Sono al lavoro per cercare di organizzare una presentazione per l’assemblea sulla scuola che terremo il 6 maggio a Bardi. Speriamo di fare un pò di chiarezza su cosa sta succedendo e su quale sarà il futuro della scuola a Bardi, speriamo di capire come è possibile organizzarci per tenere sotto osservazione la situazione, ed eventualmente intervenire per fare pressione evitando che la scuola pubblica perda terreno ulteriormente.
Speriamo che tutti possano comprendere che il problema della scuola riguarda il futuro dei nostri figli, tutti, indipendentemente dal colore politico dei genitori.
Però leggendo l’evoluzione della situazione negli ultimi 10, 15 anni ho trovato con dispiacere che questo discorso calza in maniera tristemente sorprendente la situazione italiana. Dopo mercoledì pubblicherò anche il risultato dei miei studi di questi giorni e i documenti che citerò nella riunione.

Discorso pronunciato da Piero Calamandrei al III congresso dell’Associazione
a Difesa della Scuola Nazionale, a Roma l’11 febbraio 1950

Facciamo l’ipotesi…
… così astrattamente, che ci sia un partito al potere, un partito dominante, il quale però formalmente vuole rispettare la Costituzione, non la vuole violare in sostanza. Non vuole fare la marcia su
Roma e trasformare l’aula in alloggiamento per i manipoli; ma vuol istituire, senza parere, una larvata dittatura.

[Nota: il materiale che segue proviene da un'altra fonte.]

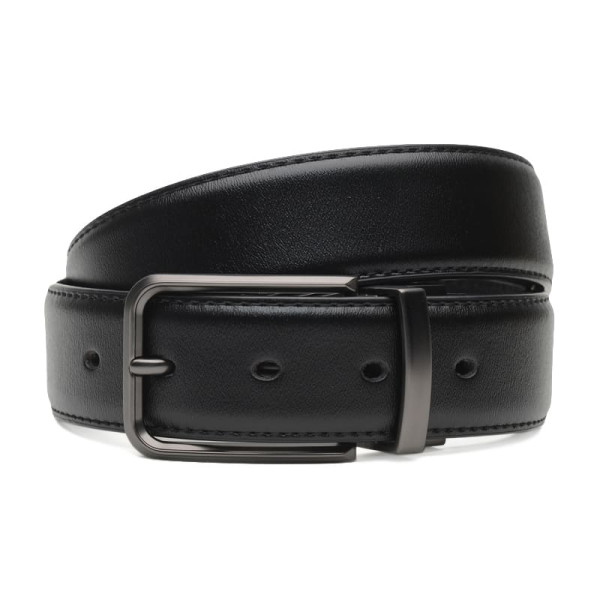 Ремень мужской кожаный JZ SB-JZC135-4090-3 Черный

Allora, che cosa fare per impadronirsi delle scuole e per trasformare le scuole di Stato in scuole di partito? Si accorge che le scuole di Stato
hanno difetto di essere imparziali. C’è una certa resistenza; in quelle scuole c’è sempre, perfino sotto il fascismo c’è stata. Allora il partito
dominante segue un’altra strada (è tutta un’ipotesi teorica,intendiamoci). Comincia a trascurare le scuole pubbliche, a screditarle, ad impoverirle.

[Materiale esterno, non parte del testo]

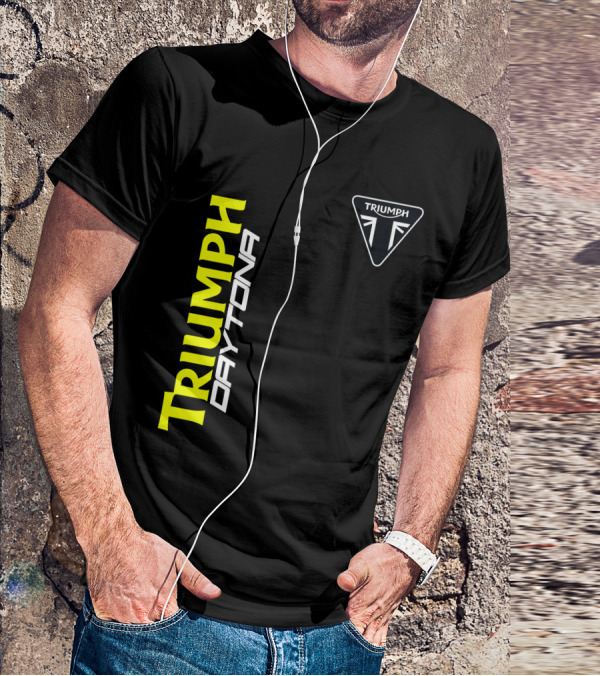 Triumph Daytona 01 Vertical Logo And Badge T-Shirt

Lascia che si anemizzino e comincia a favorire le scuole private. Non tutte le scuole private. Le scuole del suo partito, di quel partito. Ed allora
tutte le cure cominciano ad andare a queste scuole private. Cure di denaro e di privilegi.
Si comincia persino a consigliare i ragazzi ad andare a queste scuole , perché in fondo sono migliori si dice di quelle di Stato. E magari si danno dei premi,come ora vi dirò, o si propone di dare dei premi a quei
cittadini che saranno disposti a mandare i loro figlioli invece che alle scuole pubbliche alle scuole private. A “quelle” scuole private. Gli esami sono più facili,si studia meno e si riesce meglio. Così la scuola privata
diventa una scuola privilegiata. Il partito dominante, non potendo trasformare apertamente le scuole di Stato in scuole di partito, manda in malora le scuole di Stato per dare prevalenza alle scuole private. Attenzione, amici, in questo convegno questo è il punto che bisogna discutere. Attenzione, questa è la ricetta. Bisogna tener d’occhio i cuochi di questa bassa cucina. L’operazione si fa in tre modi: ve l’ho già detto: rovinare le scuole di Stato. Lasciare che vadano in malora. Impoverire i loro bilanci. Ignorare i loro bisogni. Attenuare la sorveglianza e il controllo sulle scuole private. Non controllarne la serietà. Lasciare che vi insegnino insegnanti che non hanno i titoli minimi per insegnare. Lasciare che gli esami siano burlette. Dare alle scuole private denaro pubblico. Questo è il punto. Dare alle scuole private denaro pubblico.”
Piero Calamandrei

Saluti a tutti.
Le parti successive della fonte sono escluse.